BRIEF DESCRIPTION OF THE DRAWINGS
[0008] FIG. 1 is a block diagram that schematically illustrates the
transfer of a Routing-Hardware ("RH") configuration database in a
network element, in accordance with an embodiment of the present
invention;
[0009] FIG. 2 is a block diagram that schematically illustrates the
transfer of an RH status-database in a network element, in
accordance with an embodiment of the present invention;
[0010] FIG. 3 is a block diagram that schematically illustrates the
bidirectional transfer of RH database between a processor and the
RH through a shared buffer, in accordance with an embodiment of the
present invention;
[0011] FIG. 4 is a flow chart that schematically illustrates a
method for transferring a new routing table from a processor to an
RH, in accordance with an embodiment of the present invention;
and
[0012] FIG. 5 is a flow chart that schematically illustrates a
method for transferring a new status table from an RH to a
processor, in accordance with an embodiment of the present
invention.
DETAILED DESCRIPTION OF EMBODIMENTS
Overview
[0013] Network elements, such as network switches, receive packets
from ingress ports and forward packets to egress ports, according
to routing and other rules. A typical switch comprises a routing
hardware that routes the packets, and a processor, which controls
and monitors the operation of the routing hardware. We will refer
to hereinbelow to the routing hardware as "RH".
[0014] Typically, the RH handles input packets according to data
that is stored in one or more tables. For example, a routing table
may store rules for routing packets according to fields in the
packet headers, and a firewall table may define security policies
for packets.
[0015] To monitor the operation of the RH, e.g.--for diagnostics,
for real time statistics gathering, for updating the host as to any
modifications that the RH may have done to its configuration, and
for other purposes, the RH typically generates status reporting
data, that is then forwarded to the processor. The processor may
use such status data to adjust the operation of the RH for better
performance (for example, by modifying the routing tables).
[0016] We will refer hereinbelow to RH configuration tables as
"RH-configuration-database". The term Configuration-Database, in
the context of the description hereinbelow, refers to any tabular
data that the RH may need for its operation, including (but not
limited to) routing tables, permission tables, service class
tables, firmware, and queue configuration data.
[0017] We will further refer to any tabular data that the RH may
send to the processor as "RH-status-database" (or "hardware status
database"). The term RH Status Database, in the context of the
description hereinbelow, refers to any tabular data that the RH may
send to the processor, including (but not limited to) monitoring
tables, queue length statistics, control status dump, counter dump,
packet sampling dump, and/or routing tables (routing tables are
sometimes modified by the RH). We will refer collectively to the
RH-configuration-database and to the RH-status-database as "RH
database". In some practical cases the RH database may be very
large, e.g., on the order of 10 MB or more.
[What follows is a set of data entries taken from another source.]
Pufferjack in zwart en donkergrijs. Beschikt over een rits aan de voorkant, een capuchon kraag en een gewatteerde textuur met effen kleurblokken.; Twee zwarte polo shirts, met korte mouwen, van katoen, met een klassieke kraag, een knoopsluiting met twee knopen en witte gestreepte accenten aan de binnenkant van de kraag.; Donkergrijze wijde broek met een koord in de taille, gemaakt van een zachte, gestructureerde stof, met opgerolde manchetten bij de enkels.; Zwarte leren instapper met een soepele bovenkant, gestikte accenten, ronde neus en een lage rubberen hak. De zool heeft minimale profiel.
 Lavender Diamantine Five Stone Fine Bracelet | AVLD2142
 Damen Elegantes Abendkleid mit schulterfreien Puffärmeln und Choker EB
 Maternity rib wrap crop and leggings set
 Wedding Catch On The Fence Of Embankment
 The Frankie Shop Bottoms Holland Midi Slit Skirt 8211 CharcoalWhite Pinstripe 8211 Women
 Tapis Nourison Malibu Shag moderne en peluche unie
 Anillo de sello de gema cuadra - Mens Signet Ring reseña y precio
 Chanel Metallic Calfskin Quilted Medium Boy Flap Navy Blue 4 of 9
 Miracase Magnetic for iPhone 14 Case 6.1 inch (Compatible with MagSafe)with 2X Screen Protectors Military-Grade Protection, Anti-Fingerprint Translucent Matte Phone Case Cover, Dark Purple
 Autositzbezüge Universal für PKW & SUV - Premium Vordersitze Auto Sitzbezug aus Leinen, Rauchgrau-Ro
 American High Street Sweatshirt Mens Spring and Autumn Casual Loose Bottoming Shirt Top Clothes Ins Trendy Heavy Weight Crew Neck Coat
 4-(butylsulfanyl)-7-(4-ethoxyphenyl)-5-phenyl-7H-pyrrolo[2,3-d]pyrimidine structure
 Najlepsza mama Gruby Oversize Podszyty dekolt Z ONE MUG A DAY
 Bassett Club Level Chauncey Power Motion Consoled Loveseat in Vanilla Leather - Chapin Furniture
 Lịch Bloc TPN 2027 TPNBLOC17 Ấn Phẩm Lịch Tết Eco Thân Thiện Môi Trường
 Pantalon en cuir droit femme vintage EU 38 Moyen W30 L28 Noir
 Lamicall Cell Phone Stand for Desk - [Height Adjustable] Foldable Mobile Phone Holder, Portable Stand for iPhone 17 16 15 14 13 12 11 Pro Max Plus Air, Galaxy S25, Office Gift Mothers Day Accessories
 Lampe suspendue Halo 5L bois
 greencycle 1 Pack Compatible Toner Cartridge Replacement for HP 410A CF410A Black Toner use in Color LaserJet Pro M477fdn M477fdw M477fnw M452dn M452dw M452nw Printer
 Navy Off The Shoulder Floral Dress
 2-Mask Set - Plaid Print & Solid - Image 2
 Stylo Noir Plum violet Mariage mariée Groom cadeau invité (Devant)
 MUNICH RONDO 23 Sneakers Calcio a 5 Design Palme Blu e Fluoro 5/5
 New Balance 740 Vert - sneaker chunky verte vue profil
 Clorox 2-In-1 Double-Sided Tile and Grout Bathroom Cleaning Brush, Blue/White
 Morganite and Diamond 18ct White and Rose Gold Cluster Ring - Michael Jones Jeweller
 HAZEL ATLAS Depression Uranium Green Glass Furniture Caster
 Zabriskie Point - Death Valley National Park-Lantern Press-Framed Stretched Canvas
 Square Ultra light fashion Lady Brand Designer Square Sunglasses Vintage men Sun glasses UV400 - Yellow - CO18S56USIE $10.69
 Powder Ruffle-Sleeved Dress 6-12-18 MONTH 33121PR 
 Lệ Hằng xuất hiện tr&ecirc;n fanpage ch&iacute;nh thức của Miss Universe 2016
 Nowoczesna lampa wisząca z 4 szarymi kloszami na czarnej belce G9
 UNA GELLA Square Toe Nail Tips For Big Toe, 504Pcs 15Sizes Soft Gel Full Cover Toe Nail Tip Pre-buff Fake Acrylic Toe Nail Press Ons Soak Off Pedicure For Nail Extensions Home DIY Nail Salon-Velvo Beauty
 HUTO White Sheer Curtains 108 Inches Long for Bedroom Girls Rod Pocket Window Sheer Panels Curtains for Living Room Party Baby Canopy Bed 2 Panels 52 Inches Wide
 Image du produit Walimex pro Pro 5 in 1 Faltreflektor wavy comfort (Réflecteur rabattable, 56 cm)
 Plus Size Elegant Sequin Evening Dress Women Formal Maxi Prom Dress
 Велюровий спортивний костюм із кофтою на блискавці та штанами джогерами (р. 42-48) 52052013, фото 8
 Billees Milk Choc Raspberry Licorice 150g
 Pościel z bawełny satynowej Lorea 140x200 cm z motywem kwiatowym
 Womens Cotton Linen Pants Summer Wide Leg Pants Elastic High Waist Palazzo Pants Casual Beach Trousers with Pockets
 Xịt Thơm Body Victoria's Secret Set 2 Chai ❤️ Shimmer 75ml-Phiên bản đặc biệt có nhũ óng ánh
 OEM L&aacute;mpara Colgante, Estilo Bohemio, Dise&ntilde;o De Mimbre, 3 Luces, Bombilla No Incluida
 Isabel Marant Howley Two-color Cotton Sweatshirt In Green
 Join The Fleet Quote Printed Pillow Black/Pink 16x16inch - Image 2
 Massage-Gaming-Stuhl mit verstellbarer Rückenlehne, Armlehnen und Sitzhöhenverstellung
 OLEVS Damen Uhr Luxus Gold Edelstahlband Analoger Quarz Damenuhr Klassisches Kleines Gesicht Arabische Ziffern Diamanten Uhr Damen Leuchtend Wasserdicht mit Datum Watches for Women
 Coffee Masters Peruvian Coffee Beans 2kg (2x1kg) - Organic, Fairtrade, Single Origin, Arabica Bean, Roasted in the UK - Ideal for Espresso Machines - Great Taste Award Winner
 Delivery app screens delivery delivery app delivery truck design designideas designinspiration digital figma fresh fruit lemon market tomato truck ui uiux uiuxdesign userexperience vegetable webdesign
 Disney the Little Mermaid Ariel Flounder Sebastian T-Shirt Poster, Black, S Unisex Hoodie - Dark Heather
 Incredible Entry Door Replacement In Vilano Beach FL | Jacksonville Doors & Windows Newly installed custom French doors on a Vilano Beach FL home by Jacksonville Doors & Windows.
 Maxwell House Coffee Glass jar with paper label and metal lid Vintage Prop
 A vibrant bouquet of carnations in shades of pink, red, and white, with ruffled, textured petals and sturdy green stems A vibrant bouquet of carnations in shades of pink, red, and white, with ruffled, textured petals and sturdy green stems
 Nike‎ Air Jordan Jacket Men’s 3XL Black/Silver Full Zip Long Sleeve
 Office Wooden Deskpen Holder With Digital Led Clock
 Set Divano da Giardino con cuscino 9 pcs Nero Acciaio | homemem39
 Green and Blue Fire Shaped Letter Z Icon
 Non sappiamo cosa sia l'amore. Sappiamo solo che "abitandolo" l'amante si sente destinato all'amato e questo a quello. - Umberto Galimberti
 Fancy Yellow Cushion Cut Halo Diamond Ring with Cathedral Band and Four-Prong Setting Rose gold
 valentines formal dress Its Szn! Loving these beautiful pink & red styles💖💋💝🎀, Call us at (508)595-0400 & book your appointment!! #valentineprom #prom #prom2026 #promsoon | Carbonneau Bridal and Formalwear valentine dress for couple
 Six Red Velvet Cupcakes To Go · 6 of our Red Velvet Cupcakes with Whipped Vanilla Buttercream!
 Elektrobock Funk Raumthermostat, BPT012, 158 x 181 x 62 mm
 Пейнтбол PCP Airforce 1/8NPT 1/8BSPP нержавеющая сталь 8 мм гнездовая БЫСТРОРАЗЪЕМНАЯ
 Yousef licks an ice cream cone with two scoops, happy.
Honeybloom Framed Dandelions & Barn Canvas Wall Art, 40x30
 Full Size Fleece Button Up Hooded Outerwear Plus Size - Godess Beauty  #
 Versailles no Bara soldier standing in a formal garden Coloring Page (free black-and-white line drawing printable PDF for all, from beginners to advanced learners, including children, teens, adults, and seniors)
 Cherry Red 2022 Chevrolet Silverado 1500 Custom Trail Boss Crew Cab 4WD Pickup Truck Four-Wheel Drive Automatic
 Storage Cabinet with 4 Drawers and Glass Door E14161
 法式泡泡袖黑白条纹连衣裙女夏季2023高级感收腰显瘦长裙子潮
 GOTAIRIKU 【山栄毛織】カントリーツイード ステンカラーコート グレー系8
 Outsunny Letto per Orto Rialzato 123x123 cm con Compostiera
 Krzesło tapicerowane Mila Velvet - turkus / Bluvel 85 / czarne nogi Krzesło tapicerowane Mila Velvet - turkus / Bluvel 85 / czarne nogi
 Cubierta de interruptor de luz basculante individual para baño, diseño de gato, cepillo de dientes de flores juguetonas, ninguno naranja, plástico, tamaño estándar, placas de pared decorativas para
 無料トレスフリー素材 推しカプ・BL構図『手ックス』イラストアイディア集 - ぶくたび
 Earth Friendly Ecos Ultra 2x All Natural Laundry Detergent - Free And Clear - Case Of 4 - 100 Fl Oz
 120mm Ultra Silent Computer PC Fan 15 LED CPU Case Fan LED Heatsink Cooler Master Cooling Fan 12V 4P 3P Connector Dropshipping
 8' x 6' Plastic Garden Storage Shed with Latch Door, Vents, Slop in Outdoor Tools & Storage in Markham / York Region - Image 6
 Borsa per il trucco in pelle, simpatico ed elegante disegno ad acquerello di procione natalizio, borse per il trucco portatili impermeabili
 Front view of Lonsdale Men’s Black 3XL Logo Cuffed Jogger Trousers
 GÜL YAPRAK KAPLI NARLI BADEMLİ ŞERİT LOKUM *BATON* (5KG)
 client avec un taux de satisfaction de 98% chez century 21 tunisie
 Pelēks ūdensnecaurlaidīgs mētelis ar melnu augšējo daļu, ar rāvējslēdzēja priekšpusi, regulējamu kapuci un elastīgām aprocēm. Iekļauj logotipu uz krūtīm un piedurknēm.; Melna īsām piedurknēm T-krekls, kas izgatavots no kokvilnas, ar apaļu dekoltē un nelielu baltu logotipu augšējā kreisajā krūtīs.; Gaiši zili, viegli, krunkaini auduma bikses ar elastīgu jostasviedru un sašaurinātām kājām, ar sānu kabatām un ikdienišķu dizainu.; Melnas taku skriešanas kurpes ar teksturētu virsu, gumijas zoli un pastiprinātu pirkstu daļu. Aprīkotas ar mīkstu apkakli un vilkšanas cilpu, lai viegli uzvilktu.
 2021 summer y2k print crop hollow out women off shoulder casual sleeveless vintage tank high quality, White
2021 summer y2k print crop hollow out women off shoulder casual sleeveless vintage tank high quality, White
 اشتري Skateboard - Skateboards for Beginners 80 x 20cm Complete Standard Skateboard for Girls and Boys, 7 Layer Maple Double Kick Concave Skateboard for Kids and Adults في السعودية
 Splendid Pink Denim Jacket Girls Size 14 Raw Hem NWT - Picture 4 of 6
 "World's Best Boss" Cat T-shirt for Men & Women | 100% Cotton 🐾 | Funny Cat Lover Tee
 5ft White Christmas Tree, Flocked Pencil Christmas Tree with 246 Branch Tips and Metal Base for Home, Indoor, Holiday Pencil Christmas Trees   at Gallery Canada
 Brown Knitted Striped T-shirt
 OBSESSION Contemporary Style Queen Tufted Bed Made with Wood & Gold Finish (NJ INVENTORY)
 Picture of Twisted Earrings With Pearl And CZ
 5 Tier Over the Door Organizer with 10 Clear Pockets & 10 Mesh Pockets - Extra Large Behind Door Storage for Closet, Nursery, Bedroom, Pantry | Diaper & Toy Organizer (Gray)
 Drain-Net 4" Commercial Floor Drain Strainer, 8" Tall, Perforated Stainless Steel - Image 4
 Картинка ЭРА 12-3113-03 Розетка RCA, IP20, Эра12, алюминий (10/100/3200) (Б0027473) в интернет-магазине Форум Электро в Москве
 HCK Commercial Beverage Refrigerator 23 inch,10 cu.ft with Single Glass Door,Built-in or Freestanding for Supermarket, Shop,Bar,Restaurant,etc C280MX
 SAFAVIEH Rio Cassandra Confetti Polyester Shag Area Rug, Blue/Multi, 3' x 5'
[0018] A Network Interface (NI), also referred to as Network
Interface Controller (NIC), is another example of a network element
that sends and receives packets. A typical NI comprises one or more
ports, packet processing hardware that transfers packets to and
from the ports, and a processor that communicates with a host
system. The packet processing hardware in the NIC typically
processes the packets in accordance with one or more tables, also
referred to as databases, provided by the processor. The packet
processing hardware may generate RH status data that is forwarded
to the processor.
[0019] In the present context, the term "packet processing
hardware" refers to the RH in a switch, to the packet processing
hardware in a NI, and to other similar hardware in other types of
network elements. The term "database" will refer to the various
databases transferred between the processor of a network element
(e.g., switch or NI) and the packet processing hardware. Databases
may comprise, for example, RH databases (e.g., configuration
databases or RH-status databases) in a switch, or databases used
for configuration or status database in a NI.
[0020] Embodiments of the present invention that are presented
herein provide for accelerated transfer of databases between the
processor and the packet processing hardware. In some embodiments,
the packet processing hardware comprises a fast data transfer
circuitry that is configured to transfer data between the processor
and the network ports, and between the processor and the packet
processing hardware. The description that follows refers mainly to
the interaction between the RH and the processor in a switch, by
way of example. The disclosed techniques are applicable in a
similar manner to NICs and other suitable network elements.
[0021] In an embodiment, to transfer an RH-configuration-database
to the RH, the processor first stores the database in a memory that
is accessible by the RH, and then writes one or more
work-queue-elements in a queue that is also accessible to the RH.
The queue may be in the same or in a different RH-accessible
memory. The work-queue elements ("WQEs") are typically (but not
necessarily) contiguous transfer instructions; for
example--transfer 1M bytes starting at address 0x208C0000, to table
6, from location 0x440000. The processor then notifies the RH that
a configuration database is ready to be transferred.
[0022] Next, the RH reads the WQEs and loads the configuration
database from the memory. In an embodiment, the RH sends a
completion queue element ("CQE") to the processor to indicate that
the RH has completed the execution of a corresponding WQE. In some
embodiments the RH writes the CQEs in a memory that is accessible
by both the processor and the RH.
[0023] According to embodiments, the RH transfers RH-database to or
from the memory over a fast system bus, e.g. Peripheral Component
Interconnect Express ("PCIe"). The RH may pre-fetch the
work-elements and utilize a fast DMA circuitry, and, hence, the
transfer of the RH-database may be done uninterrupted, at the
maximum speed supported by the system bus.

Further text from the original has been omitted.